TUSCALOOSA, Ala. -- It’s probably not a huge revelation that the Auburn loss last season gnawed unmercifully at Nick Saban.
Any loss in the Iron Bowl tends to have that effect, and when it’s at home against the No. 1-ranked team in the country, seeing it slip away is all the more nauseating.
But what ate and still eats at Saban is the way his Alabama team lost that game.
In many ways, it was a microcosm of the Crimson Tide’s entire season.
“You keep going back to the way we lost the game,” said Saban, who saw his team race out to a 24-0 lead, only to squander repeated chances to tack on more points in the first half.
“We left points out there by errors that we made. And then to not be able to control the game in the second half was just as disappointing. You put the 24-0 score up there and then put the final score up, 28-27, and you say, ‘Are we ever going to let this happen again in terms of our psychological disposition to compete for 60 minutes?'”
You don’t have to look hard to find reminders of that game, not to mention Alabama’s other two losses, in and around the Crimson Tide’s football complex.
There are signs hanging up in the weight room, the locker room and several other areas that read simply, "Never forget. 28-27."
“Everywhere we go, we see it … posters and signs,” senior linebacker Courtney Upshaw said. “It’s motivation that we have to finish. We didn’t finish the fourth quarter last year, and that’s something we’ve always done around here.”
The sting of losing that Auburn game was lessened somewhat for Saban by the way his team responded in the Capital One Bowl. Alabama bounced back and played its most complete game of the season in a 49-7 trouncing of Michigan State.

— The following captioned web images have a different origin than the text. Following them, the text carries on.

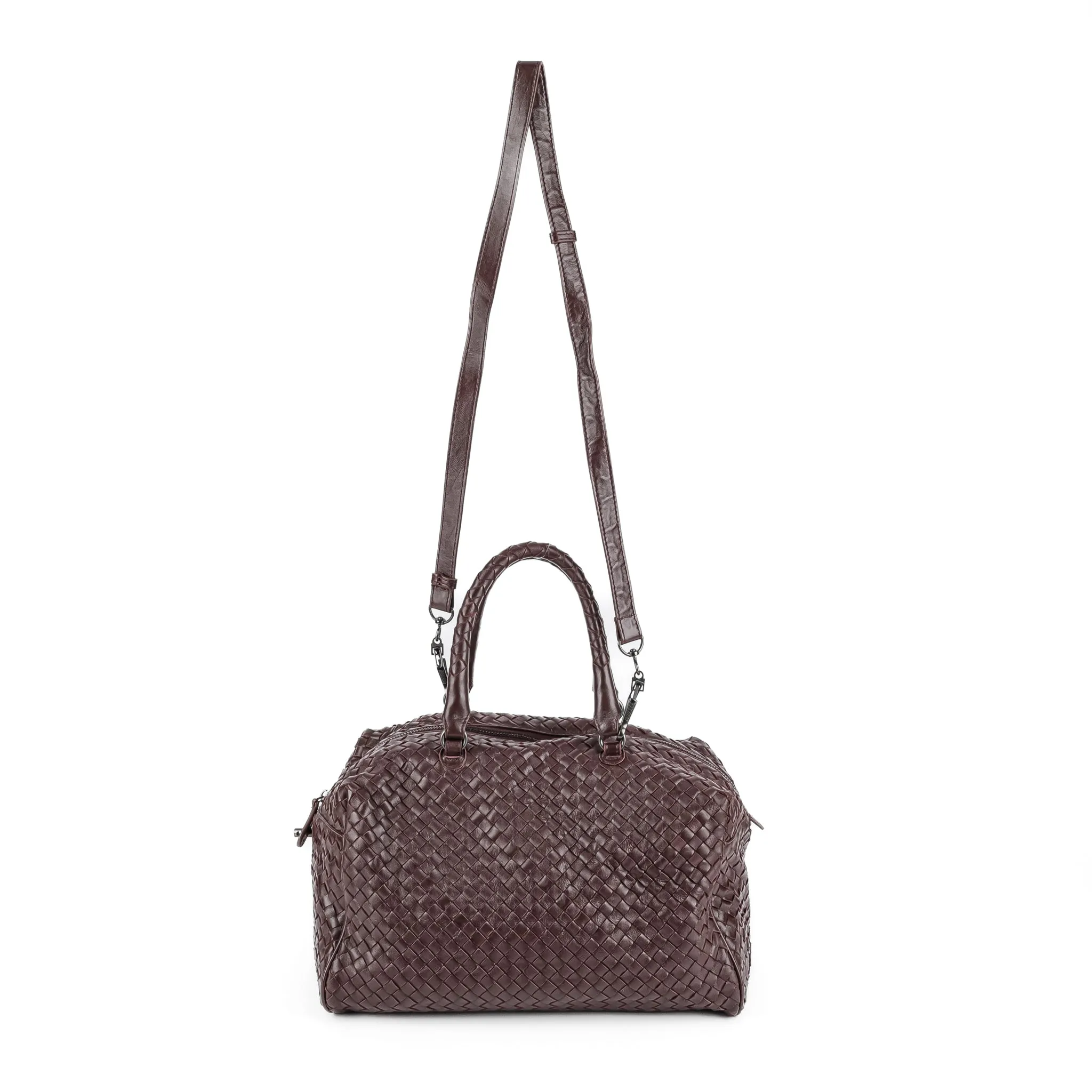 BOTTEGA VENETA  Intrecciato Satchel - Eggplant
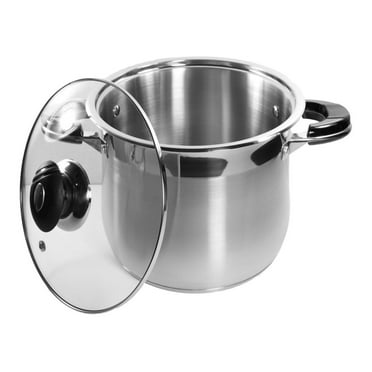 10 Qt Stock Pot 18/10 Stainless Steel Super Double Capsulated Bottom w/Glass Lid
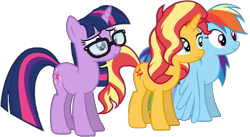 Size: 1077x591 | Tagged: safe, edit, edited screencap, editor:pascalmulokozi2, screencap, rainbow dash, sci-twi, sunset shimmer, twilight sparkle, earth pony, pegasus, pony, unicorn, equestria girls, equestria girls specials, g4, my little pony equestria girls: better together, my little pony equestria girls: spring breakdown, background removed, equestria girls ponified, glasses, horn, human pony dash, not a vector, ponified, simple background, transparent background, unicorn sci-twi, unicorn twilight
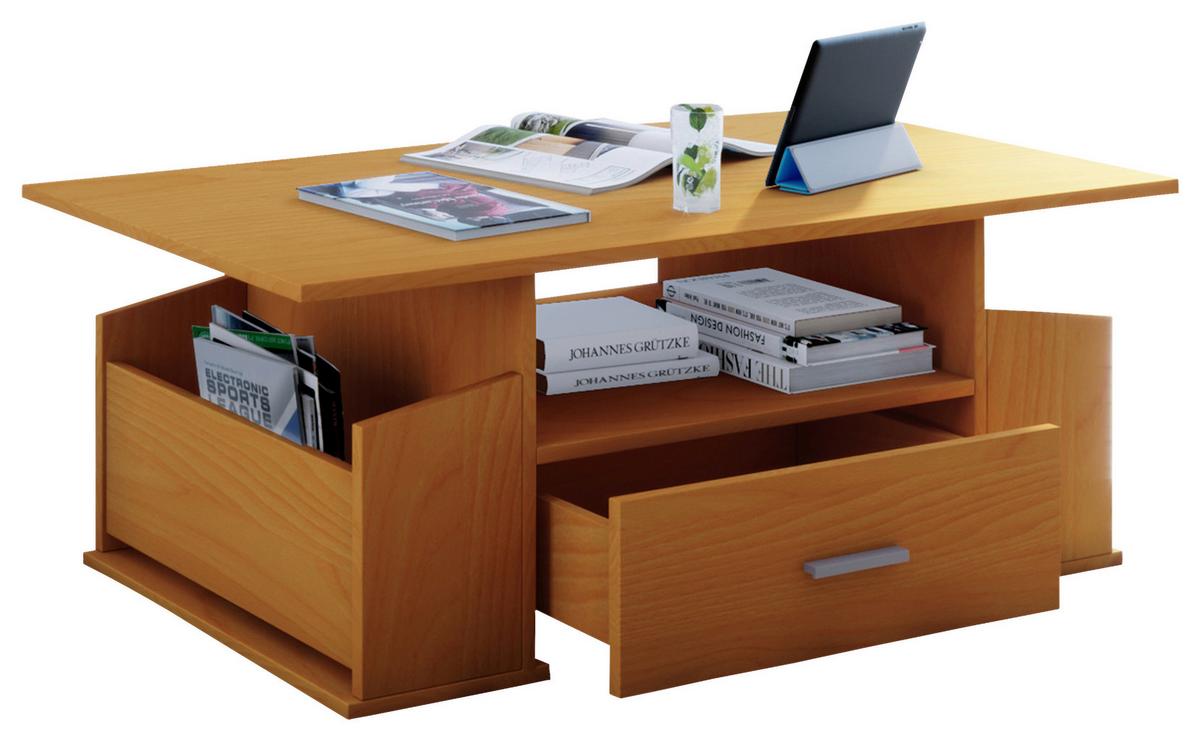 Couchtisch mit Schublade + Fächer Junata Buche Dekor - Buchefarben, Basics, Holzwerkstoff (110/52/44cm) - MID.YOU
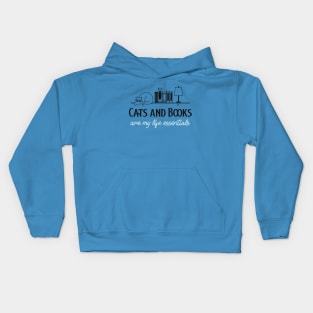 cats and books are my life essentials Kids Hoodie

But for the players, it was only validation of what they already knew down deep in their gut.
“We really feel like we underachieved last year, and that’s a terrible feeling to have,” junior offensive guard Barrett Jones said. “Last year, we just expected it to happen and forgot how it did happen two years ago and all the work we put in and all the extra stuff we did to be national champions.
“I think we bought into the hype and started thinking Alabama was untouchable, and I definitely don’t think we’re coming into it this year with that kind of attitude. We learned that we are very talented. But if we don’t play our best game, we’re going to lose.”
Senior center William Vlachos said it was like a slap in the face, but a slap in the face a lot of people at the Capstone needed.
He said this offseason and the start of spring practice have mirrored much closer the approach the Crimson Tide took in 2008 and 2009 when they didn’t lose a regular-season game.
“We didn’t play the way we’re capable of playing last year,” Vlachos said. “Everybody realizes that. We certainly realize that. It just adds to the size of the chip on our shoulder. I think the chip is back on our shoulder. We had the talent last year to do a lot of things we didn’t do, and part of that is everybody telling you you’re the best.”
They always matter in this league, where the difference between playing for a championship and playing out the season can be razor thin.
“The most important thing that you do in the spring is establish fundamentals,” Saban said. “We lost games last year because of lack of fundamentals, and I’m talking about something as simple as how you carry the ball, which got punched out in the Auburn game. The ball wasn’t being carried right.
“That’s an issue. That’s a fundamental. We made too many mental errors last year.”
Losing talent the caliber of Dareus, Jones and Ingram always stings. Still, Alabama should be a veteran club next season with a lot of guys who’ve played a lot of football.
The 2011 roster includes right around 20 scholarship seniors. The Crimson Tide had fewer than 10 last season.
“When you have that, you have a lot more maturity on your team, and guys can handle adversity better and play with more consistency,” Saban said. “The knowledge and experience just helps you make the ‘A’ play. I like this team so far, and I like the way it’s gone about its business.”
The translation: It’s a team more in the mold of those foot-to-the-throat teams Saban has bred with regularity during his Hall of Fame career.
“Coming off the championship, we expected to win every game,” Upshaw said. “A lot of people had it in their mind that once you’re on top, you’re going to stay on top.
“It doesn’t work that way. You don’t ever let off the pedal, and that’s what we’re going to get back to.”